Nuovo capitolo in Corte d’Assise a Cuneo nel processo per l’omicidio di Baldassarre Ghigo, il fossanese 66enne che il 14 novembre 2015 fu trovato carbonizzato nella propria auto sulle alture di Gambasca, in valle Po.
Unico imputato è Modesto Barra, un boscaiolo residente in paese, amico e coetaneo della vittima. Il corpo del pensionato fu ritrovato tra i resti del rogo su una strada sterrata in località Gravera Granda, a 4 km dal centro di Gambasca. In una prima fase la Procura di Cuneo aveva chiesto per due volte l’archiviazione del caso, alla quale si erano opposte le sorelle di Ghigo assistite dall’avvocato Gianmaria Dalmasso.
Nel settembre del 2017 il fascicolo era stato avocato dalla Procura generale di Torino, che al termine di nuovi accertamenti ha chiesto e ottenuto il rinvio a giudizio per omicidio volontario aggravato a carico di Barra. Secondo la tesi dell’accusa, all’origine dell’omicidio ci sarebbe un credito di circa 60mila euro che la vittima poteva vantare nei confronti dell’imputato: a quest’ultimo si contesta anche l’aggravante della crudeltà, poiché dopo aver tramortito Ghigo e averlo caricato sulla Ford Fiesta avrebbe appiccato il fuoco alla macchina mentre l’uomo era ancora vivo.
Barra, dal canto suo, si è sempre proclamato innocente. La difesa punta sul fatto che i Ris non abbiano trovato traccia di sostanze infiammabili sul veicolo, e che non ci sarebbero immagini della vettura di Barra riprese dalle telecamere di videosorveglianza sull’unica strada che porta a Gravera Granda.
Nella scorsa udienza dell’11 marzo era stato sentito in veste di perito il dottor Mario Abrate, direttore del dipartimento di anatomia patologica all’ospedale di Savigliano. Il consulente aveva fatto in quella sede dichiarazioni molto rilevanti, sostenendo che era possibile propendere per una tesi suicidiaria anziché per un omicidio: dalla visione delle foto, a suo giudizio, si poteva dedurre che l’auto di Ghigo fosse esplosa a pochissimi secondi dall’innesco.
Per questo motivo oggi la sostituto procuratore Sabrina Noce ha chiesto di ascoltare a prova contraria un altro consulente, l’ingegner Luca Marmo, ricercatore del Politecnico di Torino. Secondo la Procura, il fatto che il dottor Abrate fosse inserito nella lista della difesa - e che durante l’audizione in aula abbia reso dichiarazioni diverse da quelle messe agli atti in precedenza - giustificherebbe la richiesta.

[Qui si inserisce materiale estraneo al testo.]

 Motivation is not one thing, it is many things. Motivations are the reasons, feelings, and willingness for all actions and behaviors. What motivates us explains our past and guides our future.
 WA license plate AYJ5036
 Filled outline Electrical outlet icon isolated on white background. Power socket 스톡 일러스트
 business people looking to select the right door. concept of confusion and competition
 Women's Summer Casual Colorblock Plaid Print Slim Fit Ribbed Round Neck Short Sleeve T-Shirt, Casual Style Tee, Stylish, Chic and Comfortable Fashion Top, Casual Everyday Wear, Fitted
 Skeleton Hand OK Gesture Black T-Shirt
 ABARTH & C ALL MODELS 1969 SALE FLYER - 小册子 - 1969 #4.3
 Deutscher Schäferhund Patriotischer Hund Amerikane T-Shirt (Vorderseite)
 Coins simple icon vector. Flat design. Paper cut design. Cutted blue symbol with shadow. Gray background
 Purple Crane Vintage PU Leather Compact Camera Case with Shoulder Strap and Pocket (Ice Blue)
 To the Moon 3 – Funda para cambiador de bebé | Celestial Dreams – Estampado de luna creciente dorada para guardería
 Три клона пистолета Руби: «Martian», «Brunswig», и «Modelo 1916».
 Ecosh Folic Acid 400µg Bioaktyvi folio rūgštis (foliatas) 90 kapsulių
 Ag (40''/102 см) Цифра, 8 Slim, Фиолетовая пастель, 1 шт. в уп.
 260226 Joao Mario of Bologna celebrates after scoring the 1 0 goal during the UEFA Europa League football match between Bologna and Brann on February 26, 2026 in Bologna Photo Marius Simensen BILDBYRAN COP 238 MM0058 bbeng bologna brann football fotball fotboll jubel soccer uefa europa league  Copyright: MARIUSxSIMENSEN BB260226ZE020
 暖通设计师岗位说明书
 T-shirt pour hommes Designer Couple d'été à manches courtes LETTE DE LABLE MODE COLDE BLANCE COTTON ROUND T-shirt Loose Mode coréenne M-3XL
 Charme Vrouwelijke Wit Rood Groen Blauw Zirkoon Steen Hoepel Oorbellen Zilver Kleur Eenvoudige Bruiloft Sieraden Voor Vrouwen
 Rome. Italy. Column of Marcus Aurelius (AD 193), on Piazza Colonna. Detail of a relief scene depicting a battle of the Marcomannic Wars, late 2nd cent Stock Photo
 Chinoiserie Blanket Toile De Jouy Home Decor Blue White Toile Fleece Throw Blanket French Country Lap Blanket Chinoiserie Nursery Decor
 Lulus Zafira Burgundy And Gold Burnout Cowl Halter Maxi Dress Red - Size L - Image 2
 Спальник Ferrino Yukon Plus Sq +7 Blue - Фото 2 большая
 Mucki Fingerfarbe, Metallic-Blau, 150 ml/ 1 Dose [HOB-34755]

L’avvocato Piermario Morra, difensore di Barra, si è opposto, sostenendo che Abrate non sia da considerarsi un consulente della difesa poiché la sua nomina è avvenuta su richiesta della Procura.
Sulla domanda la Corte si esprimerà dopo la prossima udienza, in calendario l’8 luglio, per la quale si attende la rogatoria internazionale riguardante un teste dalla Romania. Nella stessa udienza dovrebbe essere ascoltata anche la testimonianza dell’imputato, che nel frattempo rimane in libertà con l’obbligo di dimora in paese.